01.06.2023 - 07:00 | Son Güncellenme:
ANKARA Milliyet
Türkiye ekonomisi 2023’ün ilk çeyreğinde, bir önceki yılın aynı çeyreğine göre yüzde 4 büyüdü. TÜİK’in açıklamasına göre, Gayrisafi Yurt İçi Hasıla (GSYH), 2023 yılı birinci çeyreğinde yüzde 4.0 arttı. 2023 birinci çeyreğinde, bir önceki yıla göre hizmet sektörü yüzde 12.4, finans ve sigorta yüzde 11.2, bilgi ve iletişim faaliyetleri yüzde 8.1, inşaat yüzde 5.1, gayrimenkul faaliyetleri yüzde 1.4 büyüdü. Tarım sektörü yüzde 3.8, sanayi ise yüzde 0.7 küçüldü. GSYH, 2023 yılının birinci çeyreğinde 4 trilyon 631 milyar 792 milyon TL oldu.
EYT etkisi de var
Hanehalkı nihai tüketim harcamaları 2023 yılının birinci çeyreğinde yüzde 16.2 arttı. Devletin nihai tüketim harcamaları yüzde 5.3, gayrisafi sabit sermaye oluşumu ise yüzde 4.9 yükseldi. Mal ve hizmet ithalatı, 2023 yılının birinci çeyreğinde bir önceki yılın aynı çeyreğine göre yüzde 14.4 artarken, ihracat yüzde 0.3 azaldı.

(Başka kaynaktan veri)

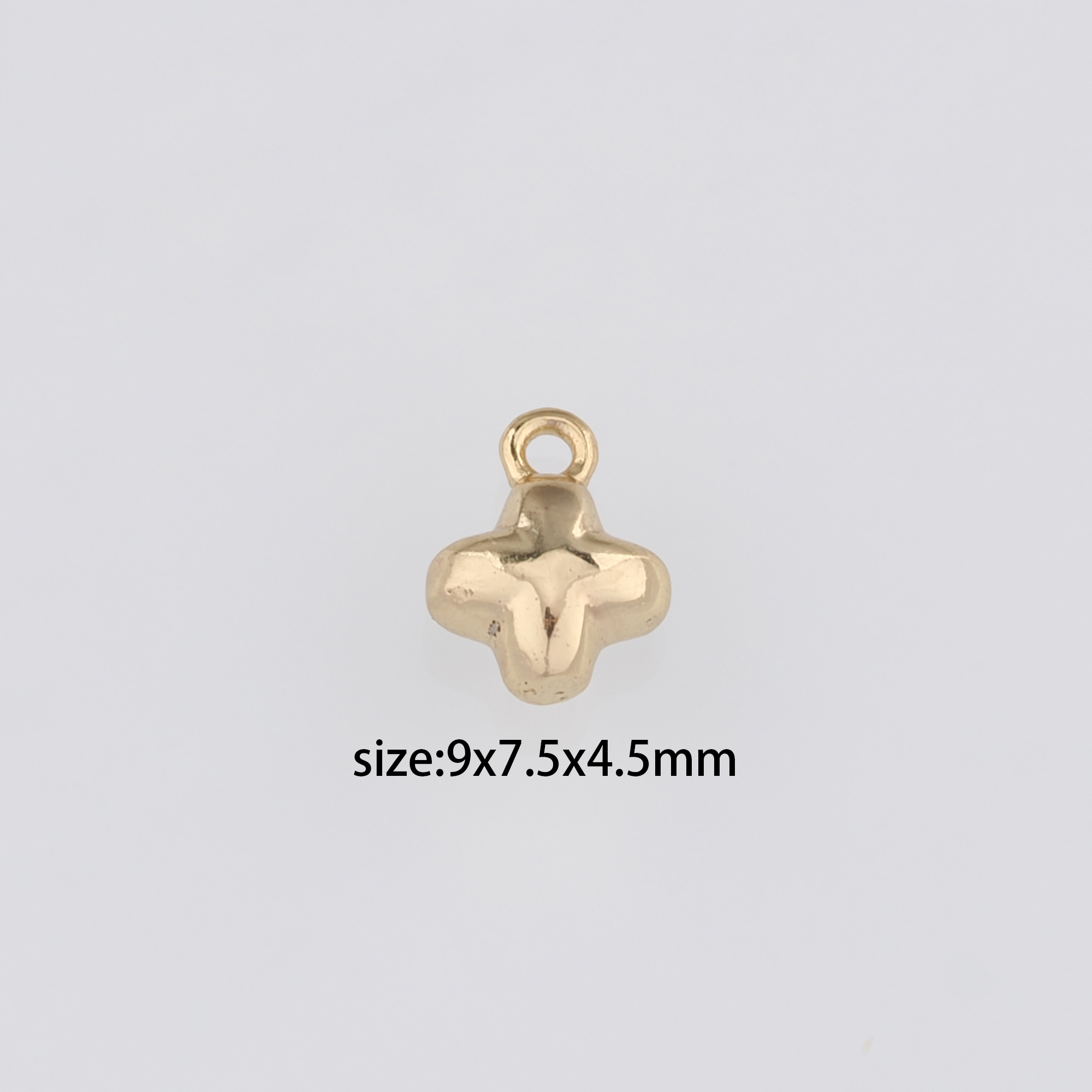 18K Gold Filled Cross Pendant,Religious Charm Earrings Necklace for DIY Jewelry Making Supply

İşgücü ödemeleri, 2023 yılının birinci çeyreğinde bir önceki yılın aynı çeyreğine göre yüzde 126.1 artarken, işgücü ödemelerinin Gayrisafi Katma Değer içerisindeki payı yüzde 38’e ulaştı. EYT düzenlemesiyle birlikte kıdem tazminatı ödemelerinin artması, işgücü ödemelerinin katma değer içerisindeki payını yükseltti.
Sanayi ve tarımda deprem daralması
İstanbul Ticaret Odası (İTO) Başkanı Şekib Avdagiç, Türkiye ekonomisinin dünyadan pozitif ayrıştığını belirterek, “Deprem ve küresel yavaşlamaya rağmen yüzde 4 büyüme olumlu olmuştur. Tüketimin yanı sıra kamu harcamaları da büyümeye destek vermiştir. GSYH’den işgücünün aldığı payın dikkat çekici biçimde artmış olması kapsayıcılık ve büyümenin kalitesinin iyileşmesi açısından olumlu bir gelişmedir. Diğer yandan, büyümeye ihracatın pozitif katkı vermesi için gerekli tedbirlerin alınması önem taşımaktadır” dedi.
‘En yüksek büyüyen ikinci ülkeyiz’
Hazine ve Maliye Bakanı Nureddin Nebati, Twitter açıklamasında, “Ülkemiz, verisi açıklanan AB ve OECD ülkeleri arasında yılın ilk çeyreğinde yıllık bazda en yüksek büyüyen ikinci ülke olmayı başarmıştır. Zorlu dış konjonktürün yanı sıra asrın deprem felaketini de yaşadığımız bu dönemde yatırım, üretim ve istihdamdan asla taviz vermedik. Mali disiplinle elde ettiğimiz mali alan sayesinde, depremin ekonomimiz üzerinde açtığı yaraları günbegün telafi ediyoruz” dedi. Sadece yüksek büyüme gerçekleşmediğini, büyümenin kapsayıcılığının korunduğunu ifade eden Nebati, işsizlikteki gerileme ve dar gelirlilerin milli gelirden aldığı paya dikkat çekerek, “Seçim belirsizliğinin ortadan kalktığı önümüzdeki dönemde, vatandaşlarımızın refah seviyesini daha ilerilere taşımaya kararlılıkla devam edeceğiz” ifadesini kullandı.